[[ RECORDS FOR THIS TASK, beginning ]]

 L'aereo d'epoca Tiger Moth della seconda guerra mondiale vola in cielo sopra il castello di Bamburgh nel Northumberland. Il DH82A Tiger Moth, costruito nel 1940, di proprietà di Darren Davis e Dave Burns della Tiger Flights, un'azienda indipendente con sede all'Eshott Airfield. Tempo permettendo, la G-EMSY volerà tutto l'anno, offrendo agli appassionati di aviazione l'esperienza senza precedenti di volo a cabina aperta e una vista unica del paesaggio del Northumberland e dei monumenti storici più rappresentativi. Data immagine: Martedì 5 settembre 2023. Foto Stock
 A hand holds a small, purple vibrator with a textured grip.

[[ RECORDS FOR THIS TASK, end ]]
[[ RECORDS FOR THIS TASK, beginning ]]

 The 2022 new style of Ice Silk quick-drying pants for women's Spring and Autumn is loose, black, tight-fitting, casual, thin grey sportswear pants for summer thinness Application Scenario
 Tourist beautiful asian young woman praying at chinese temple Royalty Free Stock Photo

[[ RECORDS FOR THIS TASK, end ]]
[[ RECORDS FOR THIS TASK, beginning ]]

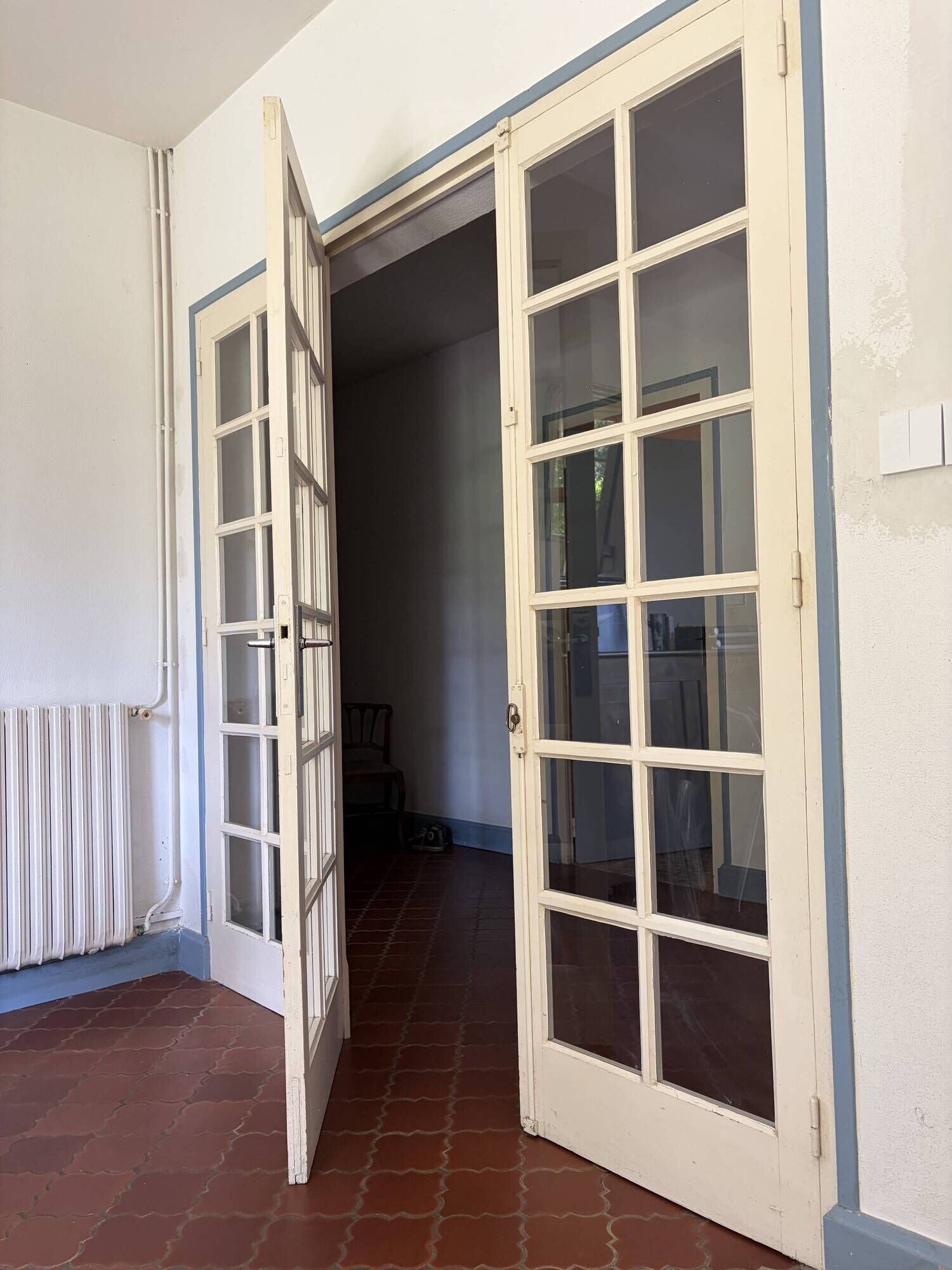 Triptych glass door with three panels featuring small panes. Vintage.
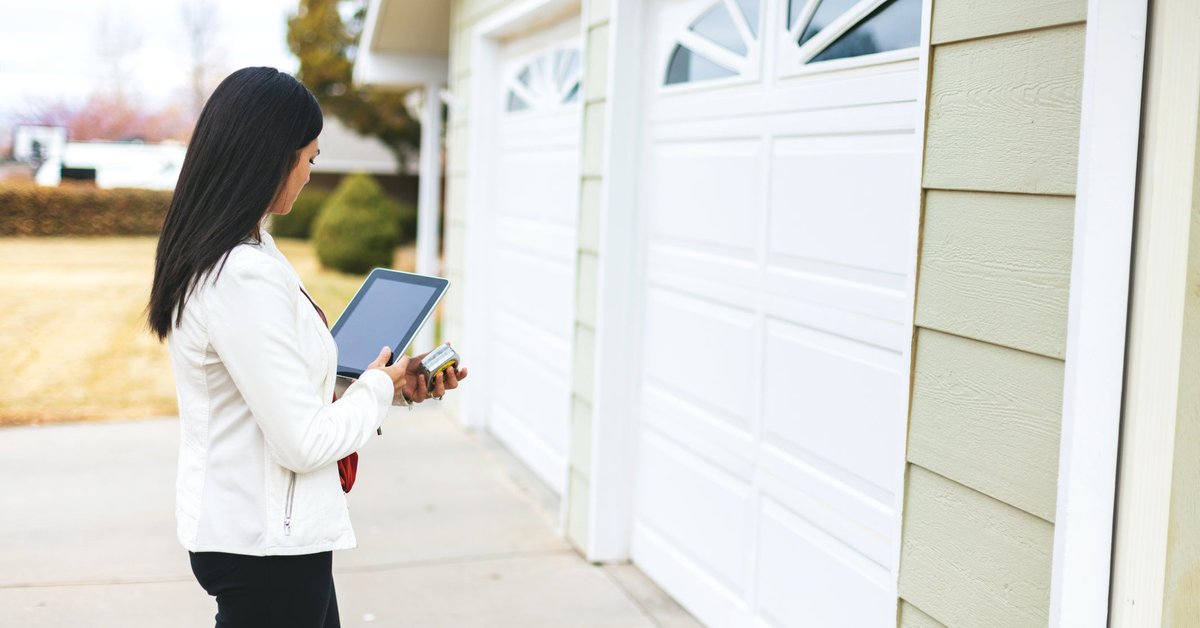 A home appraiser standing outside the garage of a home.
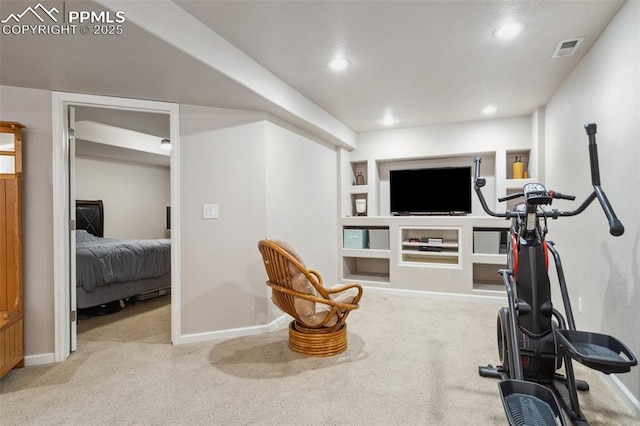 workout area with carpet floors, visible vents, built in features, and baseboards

[[ RECORDS FOR THIS TASK, end ]]

▸ **GOAL OF THE EXERCISE**:
Among the records above, repeat exactly the line with "The 2022 new", the line with "Tourist beautiful asian", and every line in between, and only those.

▸ **EXERCISE OUTPUT**:
 The 2022 new style of Ice Silk quick-drying pants for women's Spring and Autumn is loose, black, tight-fitting, casual, thin grey sportswear pants for summer thinness Application Scenario
 Tourist beautiful asian young woman praying at chinese temple Royalty Free Stock Photo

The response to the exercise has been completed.